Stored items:
====

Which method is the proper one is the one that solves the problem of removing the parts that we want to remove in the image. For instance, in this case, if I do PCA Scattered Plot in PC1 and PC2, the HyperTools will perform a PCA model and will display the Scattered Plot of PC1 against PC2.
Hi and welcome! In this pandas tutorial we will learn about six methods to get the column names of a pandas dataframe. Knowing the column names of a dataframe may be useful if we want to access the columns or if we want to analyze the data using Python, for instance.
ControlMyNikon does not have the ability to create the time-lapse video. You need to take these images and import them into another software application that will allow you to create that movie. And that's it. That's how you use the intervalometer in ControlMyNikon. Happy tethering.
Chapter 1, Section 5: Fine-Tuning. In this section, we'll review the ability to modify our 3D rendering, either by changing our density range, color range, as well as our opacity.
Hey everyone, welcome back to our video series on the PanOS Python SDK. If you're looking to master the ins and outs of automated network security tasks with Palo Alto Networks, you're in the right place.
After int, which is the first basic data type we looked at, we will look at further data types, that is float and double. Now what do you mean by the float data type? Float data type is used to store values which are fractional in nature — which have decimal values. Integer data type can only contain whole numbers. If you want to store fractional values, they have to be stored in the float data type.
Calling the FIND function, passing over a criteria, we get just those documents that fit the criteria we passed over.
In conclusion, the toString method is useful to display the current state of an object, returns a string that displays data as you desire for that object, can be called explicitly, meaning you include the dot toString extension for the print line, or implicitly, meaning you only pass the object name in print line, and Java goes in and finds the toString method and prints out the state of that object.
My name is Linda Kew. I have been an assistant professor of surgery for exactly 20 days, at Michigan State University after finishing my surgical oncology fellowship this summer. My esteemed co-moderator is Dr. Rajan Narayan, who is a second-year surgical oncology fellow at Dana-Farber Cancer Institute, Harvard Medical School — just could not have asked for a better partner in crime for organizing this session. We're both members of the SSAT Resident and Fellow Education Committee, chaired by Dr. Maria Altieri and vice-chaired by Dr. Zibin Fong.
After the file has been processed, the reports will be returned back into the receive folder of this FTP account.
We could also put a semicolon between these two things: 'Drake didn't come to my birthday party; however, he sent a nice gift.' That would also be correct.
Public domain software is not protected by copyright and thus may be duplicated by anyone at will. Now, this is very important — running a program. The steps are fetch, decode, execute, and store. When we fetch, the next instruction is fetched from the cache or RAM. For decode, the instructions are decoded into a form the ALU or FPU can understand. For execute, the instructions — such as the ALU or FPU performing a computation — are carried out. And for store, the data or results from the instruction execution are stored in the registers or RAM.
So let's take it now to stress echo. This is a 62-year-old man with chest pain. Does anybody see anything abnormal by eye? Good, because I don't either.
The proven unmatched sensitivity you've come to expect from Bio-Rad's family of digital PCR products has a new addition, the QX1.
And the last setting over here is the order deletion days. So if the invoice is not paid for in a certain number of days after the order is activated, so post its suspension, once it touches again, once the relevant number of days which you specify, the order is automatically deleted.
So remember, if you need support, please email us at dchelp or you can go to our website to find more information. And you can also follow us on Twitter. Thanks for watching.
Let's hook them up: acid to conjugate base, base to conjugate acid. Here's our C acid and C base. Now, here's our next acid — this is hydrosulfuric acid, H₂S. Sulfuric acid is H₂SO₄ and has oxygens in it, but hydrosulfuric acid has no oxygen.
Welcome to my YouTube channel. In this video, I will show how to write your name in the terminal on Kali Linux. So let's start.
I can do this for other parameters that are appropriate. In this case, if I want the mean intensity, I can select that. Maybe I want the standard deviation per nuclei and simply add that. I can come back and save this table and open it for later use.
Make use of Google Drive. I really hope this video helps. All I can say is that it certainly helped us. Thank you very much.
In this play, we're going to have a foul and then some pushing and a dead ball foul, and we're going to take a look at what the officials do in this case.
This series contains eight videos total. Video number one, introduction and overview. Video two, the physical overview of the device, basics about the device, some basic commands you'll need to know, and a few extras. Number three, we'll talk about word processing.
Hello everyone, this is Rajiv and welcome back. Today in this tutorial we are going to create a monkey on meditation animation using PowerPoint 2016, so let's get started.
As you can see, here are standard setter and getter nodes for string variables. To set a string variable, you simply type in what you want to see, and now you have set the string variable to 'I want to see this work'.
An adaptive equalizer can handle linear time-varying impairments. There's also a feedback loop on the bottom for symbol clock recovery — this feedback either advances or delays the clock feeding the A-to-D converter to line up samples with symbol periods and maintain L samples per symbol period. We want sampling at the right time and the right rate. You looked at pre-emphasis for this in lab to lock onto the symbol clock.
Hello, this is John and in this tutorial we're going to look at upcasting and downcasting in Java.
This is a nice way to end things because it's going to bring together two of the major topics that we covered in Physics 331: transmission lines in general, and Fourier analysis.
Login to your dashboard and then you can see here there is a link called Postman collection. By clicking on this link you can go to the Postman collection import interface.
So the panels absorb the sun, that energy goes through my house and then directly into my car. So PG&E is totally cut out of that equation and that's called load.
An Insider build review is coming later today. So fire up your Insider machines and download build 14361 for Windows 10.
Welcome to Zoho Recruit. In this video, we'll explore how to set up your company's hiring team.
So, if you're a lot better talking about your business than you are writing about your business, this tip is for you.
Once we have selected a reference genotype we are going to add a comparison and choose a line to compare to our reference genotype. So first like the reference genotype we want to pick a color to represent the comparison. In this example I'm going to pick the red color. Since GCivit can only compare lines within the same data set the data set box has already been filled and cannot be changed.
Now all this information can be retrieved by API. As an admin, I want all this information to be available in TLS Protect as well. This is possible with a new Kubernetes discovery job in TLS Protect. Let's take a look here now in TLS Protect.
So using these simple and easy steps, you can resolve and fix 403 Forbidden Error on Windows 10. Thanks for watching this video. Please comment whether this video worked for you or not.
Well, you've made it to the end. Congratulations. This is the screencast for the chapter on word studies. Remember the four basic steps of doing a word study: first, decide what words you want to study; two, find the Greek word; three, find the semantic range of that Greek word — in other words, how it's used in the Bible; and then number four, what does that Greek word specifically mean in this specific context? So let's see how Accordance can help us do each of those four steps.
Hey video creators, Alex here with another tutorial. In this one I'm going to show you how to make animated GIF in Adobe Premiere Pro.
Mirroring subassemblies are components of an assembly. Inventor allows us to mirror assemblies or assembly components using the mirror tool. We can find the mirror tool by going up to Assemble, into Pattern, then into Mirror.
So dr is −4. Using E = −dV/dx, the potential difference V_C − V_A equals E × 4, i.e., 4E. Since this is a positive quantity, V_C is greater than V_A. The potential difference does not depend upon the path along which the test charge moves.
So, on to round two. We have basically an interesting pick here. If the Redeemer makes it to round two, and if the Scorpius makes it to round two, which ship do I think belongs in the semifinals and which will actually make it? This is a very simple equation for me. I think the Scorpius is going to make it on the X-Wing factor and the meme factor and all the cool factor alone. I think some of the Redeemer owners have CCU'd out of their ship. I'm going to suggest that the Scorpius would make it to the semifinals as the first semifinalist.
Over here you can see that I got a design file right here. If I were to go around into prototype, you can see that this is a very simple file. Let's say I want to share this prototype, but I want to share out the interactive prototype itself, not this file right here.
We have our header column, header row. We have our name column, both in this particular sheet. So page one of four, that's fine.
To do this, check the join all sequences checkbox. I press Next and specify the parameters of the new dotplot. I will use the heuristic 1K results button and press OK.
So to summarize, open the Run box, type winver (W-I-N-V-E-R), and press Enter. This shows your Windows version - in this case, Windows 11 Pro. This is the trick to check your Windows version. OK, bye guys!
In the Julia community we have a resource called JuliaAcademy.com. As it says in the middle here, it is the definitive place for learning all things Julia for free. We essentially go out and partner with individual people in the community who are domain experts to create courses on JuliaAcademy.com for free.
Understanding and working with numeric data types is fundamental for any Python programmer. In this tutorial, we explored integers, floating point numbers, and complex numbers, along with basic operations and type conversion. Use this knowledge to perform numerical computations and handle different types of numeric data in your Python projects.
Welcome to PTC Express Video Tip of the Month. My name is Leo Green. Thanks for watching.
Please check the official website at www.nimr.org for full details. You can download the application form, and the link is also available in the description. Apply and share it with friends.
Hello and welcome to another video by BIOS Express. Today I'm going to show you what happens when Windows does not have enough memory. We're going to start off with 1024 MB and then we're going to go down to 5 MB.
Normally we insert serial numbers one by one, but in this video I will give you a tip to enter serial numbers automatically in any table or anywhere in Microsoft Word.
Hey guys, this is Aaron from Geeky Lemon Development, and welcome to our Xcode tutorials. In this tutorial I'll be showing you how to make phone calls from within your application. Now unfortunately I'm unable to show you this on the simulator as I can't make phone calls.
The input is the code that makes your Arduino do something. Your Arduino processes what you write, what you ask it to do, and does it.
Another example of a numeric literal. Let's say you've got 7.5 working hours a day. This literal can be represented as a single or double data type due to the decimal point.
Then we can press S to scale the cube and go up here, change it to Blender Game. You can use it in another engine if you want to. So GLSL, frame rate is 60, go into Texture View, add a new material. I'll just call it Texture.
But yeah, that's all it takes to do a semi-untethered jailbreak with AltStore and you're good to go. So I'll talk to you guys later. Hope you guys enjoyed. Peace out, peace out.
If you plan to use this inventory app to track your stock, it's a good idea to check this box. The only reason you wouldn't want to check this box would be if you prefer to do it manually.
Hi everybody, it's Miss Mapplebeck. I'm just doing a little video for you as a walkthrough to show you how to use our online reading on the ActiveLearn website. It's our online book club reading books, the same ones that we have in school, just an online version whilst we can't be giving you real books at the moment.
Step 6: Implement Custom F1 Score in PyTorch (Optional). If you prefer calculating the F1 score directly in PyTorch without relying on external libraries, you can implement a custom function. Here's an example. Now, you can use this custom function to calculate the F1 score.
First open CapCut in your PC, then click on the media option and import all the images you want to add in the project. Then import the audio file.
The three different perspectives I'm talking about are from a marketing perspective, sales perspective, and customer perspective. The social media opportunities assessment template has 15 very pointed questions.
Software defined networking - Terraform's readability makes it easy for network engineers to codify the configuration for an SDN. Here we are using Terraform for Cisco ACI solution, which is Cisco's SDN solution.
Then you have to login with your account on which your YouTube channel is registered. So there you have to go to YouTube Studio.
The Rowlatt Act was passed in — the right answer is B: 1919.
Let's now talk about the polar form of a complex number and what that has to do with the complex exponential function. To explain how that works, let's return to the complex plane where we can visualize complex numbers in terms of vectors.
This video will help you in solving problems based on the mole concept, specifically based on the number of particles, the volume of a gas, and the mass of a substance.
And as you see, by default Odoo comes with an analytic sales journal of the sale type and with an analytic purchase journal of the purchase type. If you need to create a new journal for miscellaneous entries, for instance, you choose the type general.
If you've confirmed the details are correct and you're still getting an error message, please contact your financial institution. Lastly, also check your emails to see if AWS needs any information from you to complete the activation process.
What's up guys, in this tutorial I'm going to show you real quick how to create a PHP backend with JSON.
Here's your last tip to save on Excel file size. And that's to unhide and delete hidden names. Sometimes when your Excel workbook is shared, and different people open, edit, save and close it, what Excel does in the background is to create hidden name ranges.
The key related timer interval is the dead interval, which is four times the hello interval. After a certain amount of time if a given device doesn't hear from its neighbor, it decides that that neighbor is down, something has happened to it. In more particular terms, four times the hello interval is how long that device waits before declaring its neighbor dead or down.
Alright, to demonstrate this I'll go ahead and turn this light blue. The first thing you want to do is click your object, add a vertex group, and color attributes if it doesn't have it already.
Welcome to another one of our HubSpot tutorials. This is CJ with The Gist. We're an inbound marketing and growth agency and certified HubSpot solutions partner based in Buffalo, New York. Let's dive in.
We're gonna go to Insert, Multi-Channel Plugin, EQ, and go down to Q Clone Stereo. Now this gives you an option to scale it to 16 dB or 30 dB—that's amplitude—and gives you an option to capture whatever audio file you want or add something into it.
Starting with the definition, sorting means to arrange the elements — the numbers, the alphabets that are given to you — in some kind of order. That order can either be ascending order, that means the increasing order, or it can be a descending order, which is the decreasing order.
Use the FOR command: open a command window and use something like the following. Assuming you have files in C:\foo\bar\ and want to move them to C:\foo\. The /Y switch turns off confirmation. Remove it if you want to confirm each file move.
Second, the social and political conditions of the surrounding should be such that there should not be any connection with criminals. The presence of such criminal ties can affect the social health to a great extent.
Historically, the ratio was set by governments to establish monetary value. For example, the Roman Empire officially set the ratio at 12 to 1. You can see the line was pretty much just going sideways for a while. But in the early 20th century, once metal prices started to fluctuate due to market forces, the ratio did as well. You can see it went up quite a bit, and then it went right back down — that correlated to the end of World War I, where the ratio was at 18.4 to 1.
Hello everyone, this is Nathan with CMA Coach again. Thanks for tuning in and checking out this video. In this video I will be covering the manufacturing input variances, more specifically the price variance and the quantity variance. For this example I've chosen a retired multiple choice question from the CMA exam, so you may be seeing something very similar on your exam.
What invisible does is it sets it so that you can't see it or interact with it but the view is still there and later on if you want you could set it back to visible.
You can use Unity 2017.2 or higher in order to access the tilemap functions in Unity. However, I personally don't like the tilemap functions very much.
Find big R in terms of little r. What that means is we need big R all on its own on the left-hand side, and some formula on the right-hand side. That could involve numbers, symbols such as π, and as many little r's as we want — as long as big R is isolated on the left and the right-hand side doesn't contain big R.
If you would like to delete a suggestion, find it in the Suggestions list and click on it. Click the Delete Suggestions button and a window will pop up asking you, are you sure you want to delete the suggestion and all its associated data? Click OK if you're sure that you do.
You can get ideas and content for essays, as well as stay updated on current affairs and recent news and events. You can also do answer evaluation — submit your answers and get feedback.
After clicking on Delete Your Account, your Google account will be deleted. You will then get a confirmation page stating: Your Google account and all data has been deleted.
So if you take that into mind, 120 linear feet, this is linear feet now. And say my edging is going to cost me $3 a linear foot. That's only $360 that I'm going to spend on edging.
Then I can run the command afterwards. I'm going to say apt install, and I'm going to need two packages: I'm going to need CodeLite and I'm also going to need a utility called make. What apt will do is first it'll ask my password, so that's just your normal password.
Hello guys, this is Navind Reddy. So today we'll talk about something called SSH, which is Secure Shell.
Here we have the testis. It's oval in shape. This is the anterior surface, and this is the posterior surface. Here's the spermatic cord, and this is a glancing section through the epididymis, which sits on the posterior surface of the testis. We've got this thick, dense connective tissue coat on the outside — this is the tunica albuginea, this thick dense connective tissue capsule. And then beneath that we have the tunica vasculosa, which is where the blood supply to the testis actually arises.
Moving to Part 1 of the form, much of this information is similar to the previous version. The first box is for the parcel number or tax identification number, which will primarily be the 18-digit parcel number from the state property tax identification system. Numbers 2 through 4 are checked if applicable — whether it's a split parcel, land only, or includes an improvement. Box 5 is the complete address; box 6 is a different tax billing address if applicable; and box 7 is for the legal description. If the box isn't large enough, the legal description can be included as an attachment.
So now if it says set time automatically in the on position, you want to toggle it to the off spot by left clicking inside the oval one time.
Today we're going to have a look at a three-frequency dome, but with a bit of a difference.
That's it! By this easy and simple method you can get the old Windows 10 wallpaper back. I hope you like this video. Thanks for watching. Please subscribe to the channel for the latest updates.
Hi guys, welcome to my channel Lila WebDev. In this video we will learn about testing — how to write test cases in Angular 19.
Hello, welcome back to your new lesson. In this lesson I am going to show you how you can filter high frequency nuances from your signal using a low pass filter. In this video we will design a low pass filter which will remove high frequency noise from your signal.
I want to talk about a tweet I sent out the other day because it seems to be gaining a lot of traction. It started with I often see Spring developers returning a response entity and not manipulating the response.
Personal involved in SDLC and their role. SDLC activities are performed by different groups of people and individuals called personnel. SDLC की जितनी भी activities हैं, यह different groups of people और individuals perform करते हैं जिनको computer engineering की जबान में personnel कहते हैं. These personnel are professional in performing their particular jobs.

====

What is required: Quote exactly the first line of the data and every line after it through the one holding "Hi and welcome!".

Answer area:
Which method is the proper one is the one that solves the problem of removing the parts that we want to remove in the image. For instance, in this case, if I do PCA Scattered Plot in PC1 and PC2, the HyperTools will perform a PCA model and will display the Scattered Plot of PC1 against PC2.
Hi and welcome! In this pandas tutorial we will learn about six methods to get the column names of a pandas dataframe. Knowing the column names of a dataframe may be useful if we want to access the columns or if we want to analyze the data using Python, for instance.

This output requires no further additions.